Journal de marche

Isidore au maquis, c’est une histoire vraie. Elle est racontée ici et le sera dans un livre. Ce projet est uniquement basé sur des archives familiales et des documents trouvés dans les différents services d’archives. Au fil des recherches, ces documents, photos et cartes sont partagés sur les réseaux sociaux et dans ce journal de marche. Un clin d’œil aux journaux de marche tenus par les maquisards et soldats de la Libération.

Dimanche 7 août : Isidore a son dessinateur

L’histoire d’Isidore et de sa famille est une épopée. Pour la raconter dans un livre, il fallait un éditeur : les Éditions Ouest-France soutiennent ce projet. Pour la rendre vraiment vivante, il fallait la dessiner. Ce sera le cas avec les traits du dessinateur Remedium, auteur de plusieurs ouvrages qui s’est associé à mon projet !

Dimanche 31 juillet : sale date, pour trois tristes anniversaires

Il y a des dates qui reviennent, au fil des dossiers, documents et autres archives. Le 31 juillet est de celles-là. Il y a 80 ans, le 31 juillet 1942, la police arrêtait Léon, le petit frère d’Isidore. Le 31 juillet 1943, le convoi 58 s’ébranlait de Drancy avec Joseph et Florence, les parents de Simone, à son bord. Le 31 juillet 1944, c’est le tout dernier convoi qui partait avec Marco, l’oncle d’Isidore, parmi les déportés. Aucun n’est revenu.

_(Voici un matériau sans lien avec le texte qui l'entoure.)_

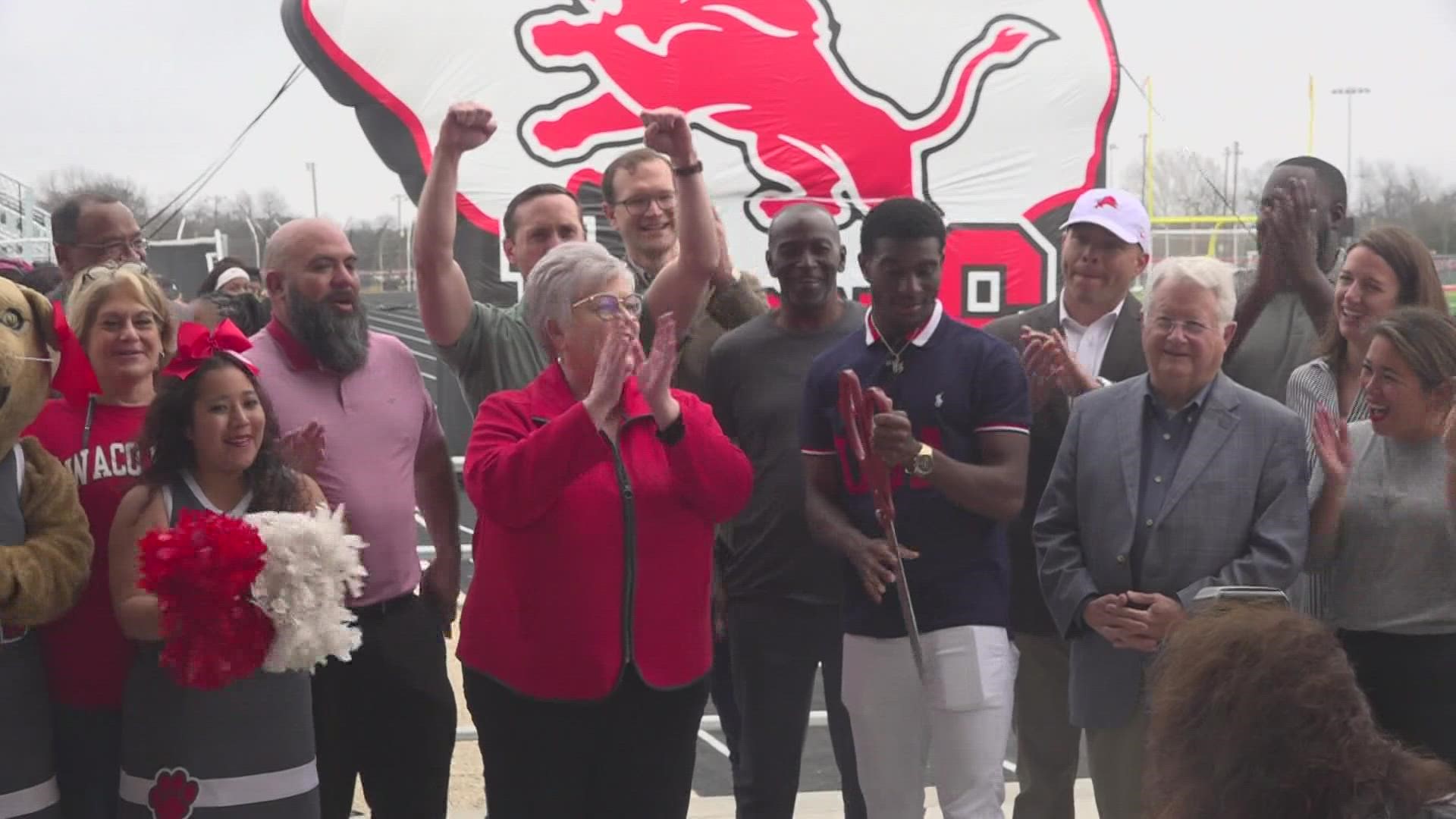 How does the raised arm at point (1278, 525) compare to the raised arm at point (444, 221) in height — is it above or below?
below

Dimanche 1er mai : une pause dans la bibliothèque d’Isidore

Isidore aimait les livres. Mieux que ça, il les vénérait. À l’exode de 1939, sa famille a quitté l’appartement familial quand Isidore était mobilisé au front. Réfugiés à Toulouse, ils n’ont pu qu’abandonner tous leurs biens. Y compris les livres qu’Isidore chérissaient. En 1948, trois ans après la fin de la guerre, il écrit une lettre fascinante : de tête, il liste 200 ouvrages écrits par une centaine d’auteurs qu’il possédait avant guerre et espère retrouver.

Dimanche 20 mars – dimanche 3 avril : deux semaines au maquis d’Isidore

J’ai décidé de marcher dans les pas d’Isidore et de ses camarades de résistance, sur les sommets des montagnes de Vabre qui ont abrité les maquis d’Isidore. Je raconte les lieux du maquis, l’état d’esprit des Vabrais.e.s et leur rôle central dans la lutte et le sauvetage. Un récit jour par jour, au fil des rencontres et découvertes faites durant les deux semaines très riches qui m’ont permis d’avancer sur la fabrique du livre.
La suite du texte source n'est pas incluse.